Going back to the origins of this bill, communications companies—phone networks, internet service providers, and social media and email websites—all store metadata. It is essential to their business. It is the information that has been used for as long as we have had these types of communication. It is used to manage networks and it is used to collate bills. The problem that has arisen is that these businesses are not retaining the data for as long as they used to. The bipartisan Parliamentary Joint Committee on Intelligence and Security concluded that this has resulted in 'an actual degradation of investigative capabilities of national security agencies'. So, a bipartisan committee says that in losing these records we are losing a tool, a very useful tool, in the fight against crime, terrorism, and child exploitation. This bill will create a consistent standard of record-keeping across our telecommunications industry. It will ensure that the trail of digital breadcrumbs the AFP may need to track down a jihadi recruiter, a hate preacher, someone organising serious fraud, or to stop an act of child exploitation from happening, still exists.

Now that we have defined what is actually in play here, I would like to mention to the House some of the safeguards that this legislation includes—the checks and balances that will ensure that the bill before the House today is used for its intended purposes and that individual privacy is preserved. The Privacy Commissioner already has a number of powers relating to compliance with the Privacy Act, and none of that will change. I will tell you something that will change. Fewer organisations will be able to access your communications data—fewer than currently can. This bill will actually tighten up the privacy requirements around metadata. Given the right circumstances, currently around 80 agencies could access your communications metadata. Once this legislation is in place that number will fall. It will go from around 80 organisations to around 20. For the first time, the Commonwealth Ombudsman will have an oversight role over any federal, state or territory agency that accesses this information. To sum up the situation on privacy, we have the Privacy Commissioner still in place, we have fewer agencies able to access these records and we have a new level of oversight by way of the Commonwealth Ombudsman.
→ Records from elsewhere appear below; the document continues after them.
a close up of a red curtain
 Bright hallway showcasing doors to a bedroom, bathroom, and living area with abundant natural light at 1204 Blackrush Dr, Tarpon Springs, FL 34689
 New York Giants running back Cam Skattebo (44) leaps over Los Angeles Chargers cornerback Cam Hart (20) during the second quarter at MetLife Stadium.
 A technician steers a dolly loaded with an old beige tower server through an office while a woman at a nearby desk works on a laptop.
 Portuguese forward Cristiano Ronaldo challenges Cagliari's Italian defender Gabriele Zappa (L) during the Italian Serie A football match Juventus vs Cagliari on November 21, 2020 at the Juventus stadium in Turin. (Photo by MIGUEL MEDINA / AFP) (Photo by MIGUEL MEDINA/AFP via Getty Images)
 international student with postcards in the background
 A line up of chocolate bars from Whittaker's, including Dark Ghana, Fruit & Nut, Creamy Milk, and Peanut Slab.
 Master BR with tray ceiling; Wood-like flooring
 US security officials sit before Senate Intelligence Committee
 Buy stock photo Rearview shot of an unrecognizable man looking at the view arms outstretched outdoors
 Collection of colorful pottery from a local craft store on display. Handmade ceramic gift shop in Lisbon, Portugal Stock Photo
Much has been made of the impact this bill will have on whistleblowers and journalists. Again, the debate on this front has gone quite a long way from the reality of the situation. The bill does nothing to repeal whistleblower protections already in place. The bill does not roll back any privacy laws with regard to whistleblowers and it does not remove any of the protections afforded to them. In fact, the bill has additional safeguards in place for journalists, including reducing the number of agencies that can access metadata and restricting access to where it can be used in a criminal trial or a pecuniary matter. It cannot be used to identify sources or leaks unless laws have been broken.

Earlier, I spoke about the work of the Parliamentary Joint Committee on Intelligence and Security. I mentioned the very diligent work of that bipartisan committee, which got us to the position that we are in here today to debate this bill. They released a report on this bill late last month, and remember that this is a bipartisan committee. The committee included Labor Senators Conroy, Faulkner and Wong, and Labor members of this chamber—the member for Blaxland, Jason Clare, the member for Isaacs, and the member for Sydney. I would also like to note, as other members in this House have, that a special thanks is due to the chair of this committee, Dan Tehan, the member for Wannon, who has done an exceptional job.

The report had quite a bit to say about the dataset; the way that this legislation should deal with this dataset; the agencies that should have access to the data; and the oversight mechanisms. This government supported all the recommendations of that committee. There were 39 recommendations and the government supports these. Recommendation 39 of the bipartisan report was that this parliament pass this legislation. With that in mind, I commend the bill to the House.